Mickey Mouse in Dream Along with Mickey show in Disney World, Orlando, Fla. (Dreamstime/TNS)
Mickey Mouse in Dream Along with Mickey show in Disney World, Orlando, Fla. (Dreamstime/TNS)

Let’s admit it: Disney hasn’t been all that great lately. All of its recent remakes are pure money grabs, and it hasn’t been coming out with much original material. They bought both Star Wars and Marvel, and who knows what will be next? 

Disney's recent acquisition of 21st Century Fox and 20th Century Fox movie studio, however, is crossing the line into monopolization. As Disney continues its journey in media acquisition, consumers are facing far fewer choices in who produces and controls the media they enjoy.

Even though, for now, the market remains an oligopoly, Disney has been relentless in its pursuit of acquiring as much as they can without producing quality original content, such as recent live-action remakes that don't bring anything new to the table and are just blatant cash cows. Additionally, some fans of Marvel and Star Wars are disappointed by how the movies coming out of their favorite franchises have become noticeably laden with typical childish Disney humor.

Disney also announced last week that its new streaming service, Disney+, will come out on Nov. 12. While Netflix has been slowly increasing its streaming price over the years — currently starting at $8.99 per month — a subscription to Disney+ will go for $6.99 per month.

Now, Netflix has been doing a lot lately. Well-received Netflix original movies and series have been coming out left and right, and most subscribers haven't minded the increasing price tag. 

However, when Disney comes out with its streaming service, it will have the ability to buy out Netflix's subscribers with the allure of a huge vault of animated movies that captured the hearts of so many people for years, alongside its own original shows that will venture further into the Marvel and Star Wars franchises. 

Even investors seem to be wary about Disney+ and what it will mean for Netflix. Disney's stock has risen 12% since Disney announced its streaming service, while Netflix's stock has gone down 3%.

Let's not forget that before Disney merged with Fox, it had a 30% stake in Hulu. They now own 60% of it, with NBCUniversal owning 30% and Warner Bros owning a meager 10%. It wouldn't come as a surprise if Disney decided to buy up the rest of Hulu and structure Disney+ around it by enticing subscribers to pay just a couple of extra dollars per month to have access to Disney's vast library of original content. By buying the rest of Hulu, Disney can turn the streaming service, which has always severely underperformed compared to Netflix, into a major competitor.

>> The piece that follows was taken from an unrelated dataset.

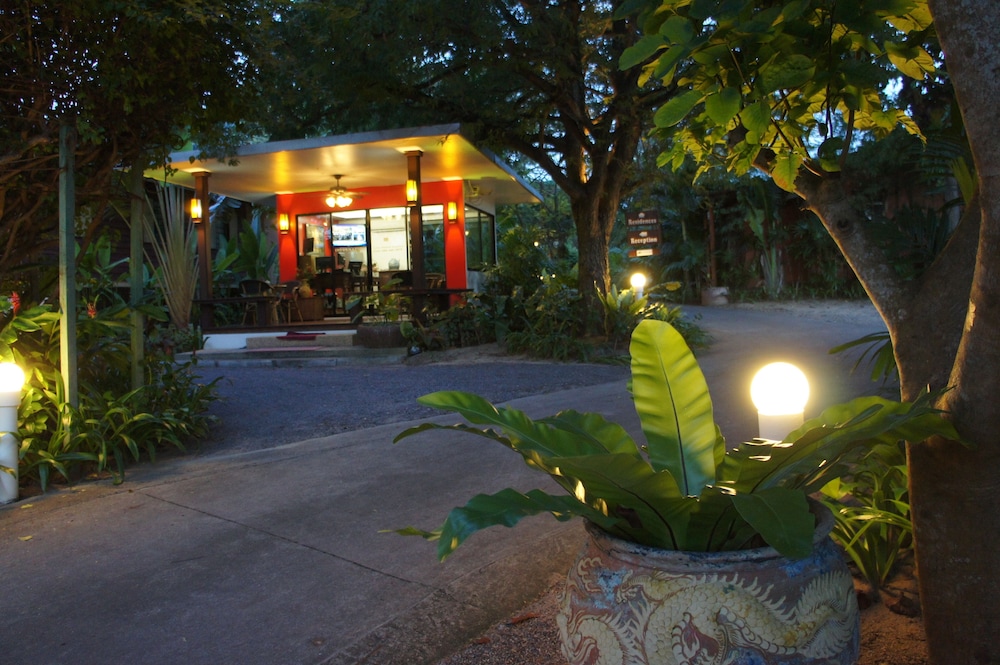 Palm Village 13/67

Disney's recent lack of originality is also concerning. Fox has continually made some of the most critically-acclaimed movies in recent years, such as "The Post" and "The Favourite." Disney just continues to announce remakes of its original animated movies, which makes it seem like Disney is only interested in making more money through empty blockbusters than creating films that make a statement.

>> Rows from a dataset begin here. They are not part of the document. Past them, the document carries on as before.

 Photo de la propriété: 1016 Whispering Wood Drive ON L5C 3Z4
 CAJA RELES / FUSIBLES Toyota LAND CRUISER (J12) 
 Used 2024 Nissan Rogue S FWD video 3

It's hard not to be nervous about the future of the movie industry when Disney owns a huge portion of it and has made no promise of living up to Fox's previous films.

Will Disney actually monopolize the entertainment industry? Probably not. Is competition the backbone of today's capitalist market which drives companies to make better content? Yes, of course. However, we're just one step closer to a world in which only a few companies own all of the media providers in the world. This means that consumers will have no other choice but to suffer at the hands of these companies' corporate and political interests.

Media consolidation is scary. Disney is only feeding the terror.